Flexible Workspaces: From Convenience to Core Infrastructure
Anshu Sarin, CEO of 91Springboard, believes India’s flexible workspace sector has moved far beyond being a stopgap solution for startups and small businesses. According to her, flexible offices have become a strategic layer in how modern enterprises scale, operate, and enter new markets.
As companies increasingly adopt hybrid models and global capability centres expand across Indian cities, Sarin argues that flexible workspaces should be recognised as part of India’s commercial infrastructure. She sees the upcoming budget as an opportunity for policymakers to acknowledge this shift.
From a policy perspective, Sarin highlights the need for rationalised GST norms, faster and more predictable approvals, and easier access to capital. These measures, she says, can significantly improve the sector’s ability to support enterprise growth, attract global corporations, and strengthen India’s competitiveness on the world stage.
At the same time, Sarin underlines that responsibility does not rest with the government alone. Flexible workspace operators must continue investing in technology, sustainability, and high-quality work environments that meet the expectations of global and domestic occupiers. A collaborative approach, where policy enables scale and the private sector delivers consistent experiences, could unlock long-term value and private investment.

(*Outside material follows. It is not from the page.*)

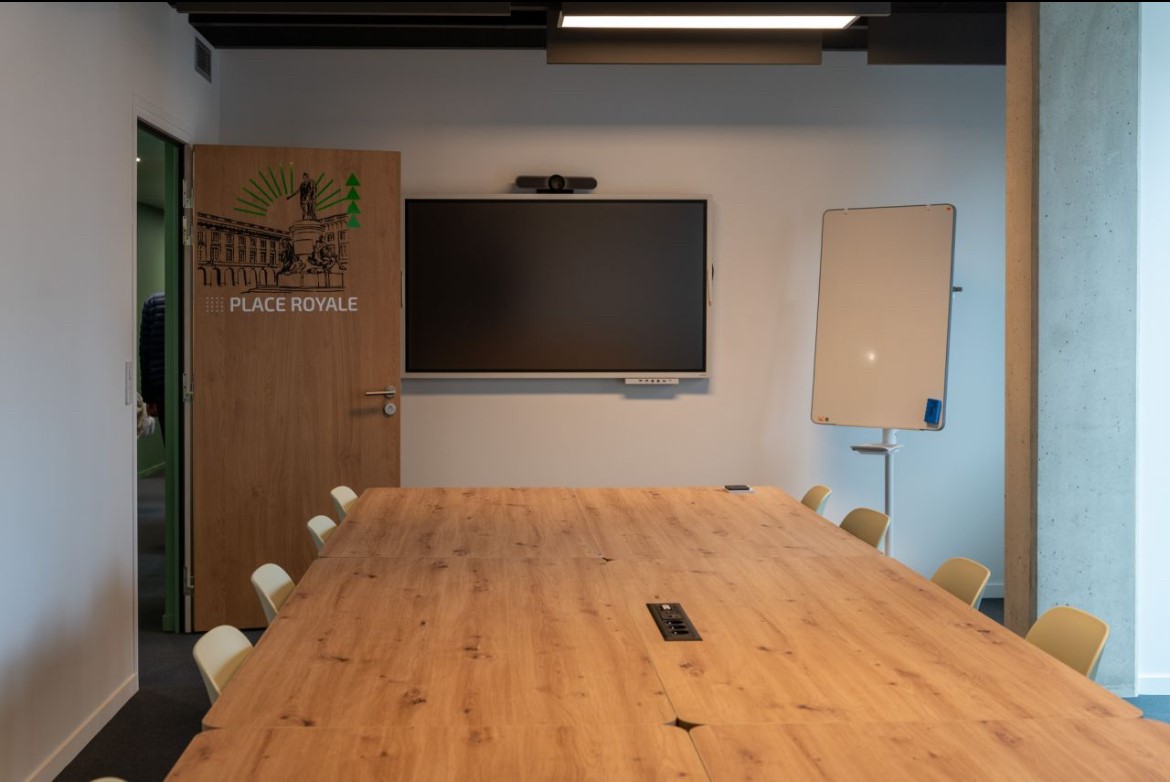 Photo de Office Station Reims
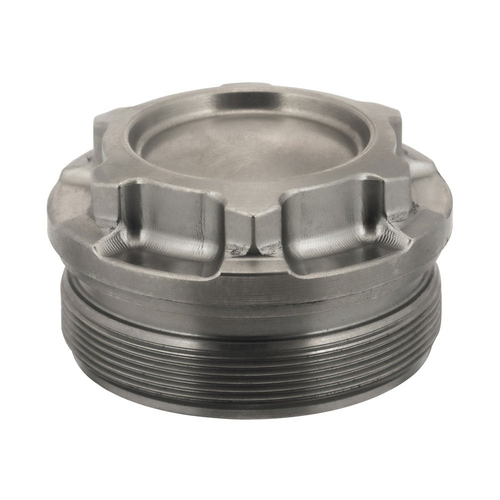 Motone Die Capos | Gabelkappen Paar | Bobber / Speedmaster 47Mm Gabel | Titan Oder Schwarz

Housing and Core Real Estate: Demand, Affordability, Execution
For traditional real estate, the expectations from Budget 2026 remain firmly centred on demand stimulation and affordability. Prashant Sharma, President of NAREDCO Maharashtra, reiterates that the sector remains a key driver of economic growth, employment, and allied industries.
Sharma points out that measures which strengthen end-user demand and accelerate project execution are essential at this stage of the cycle. One of the industry’s long-standing demands, he notes, is the granting of infrastructure status to housing, particularly in the affordable and mid-income segments. Such a move would improve access to institutional finance and lower borrowing costs, providing developers with greater financial flexibility.
Tax relief for homebuyers is another priority. Sharma urges the government to revisit deductions on home loan interest and principal repayments under Sections 24(b) and 80C, which have not been revised for several years. With property prices and borrowing costs rising, he believes updated limits could revive buyer sentiment.
He also stresses the importance of rationalising GST on construction materials and providing clarity on input tax credits, both of which can ease cost pressures across the value chain. Faster approvals, policy support for redevelopment, and incentives for sustainable construction are, in his view, critical for the sector’s long-term growth.
Rethinking Affordable Housing for Today’s Market
Jagmohan T, Director of Casagrand’s Pune Zone, takes the affordability debate a step further by questioning whether existing policy definitions still reflect market realities. He notes that while real estate supports over 70 million jobs and contributes significantly to GDP, first-time homebuyers are increasingly priced out due to rising land costs and outdated policy thresholds.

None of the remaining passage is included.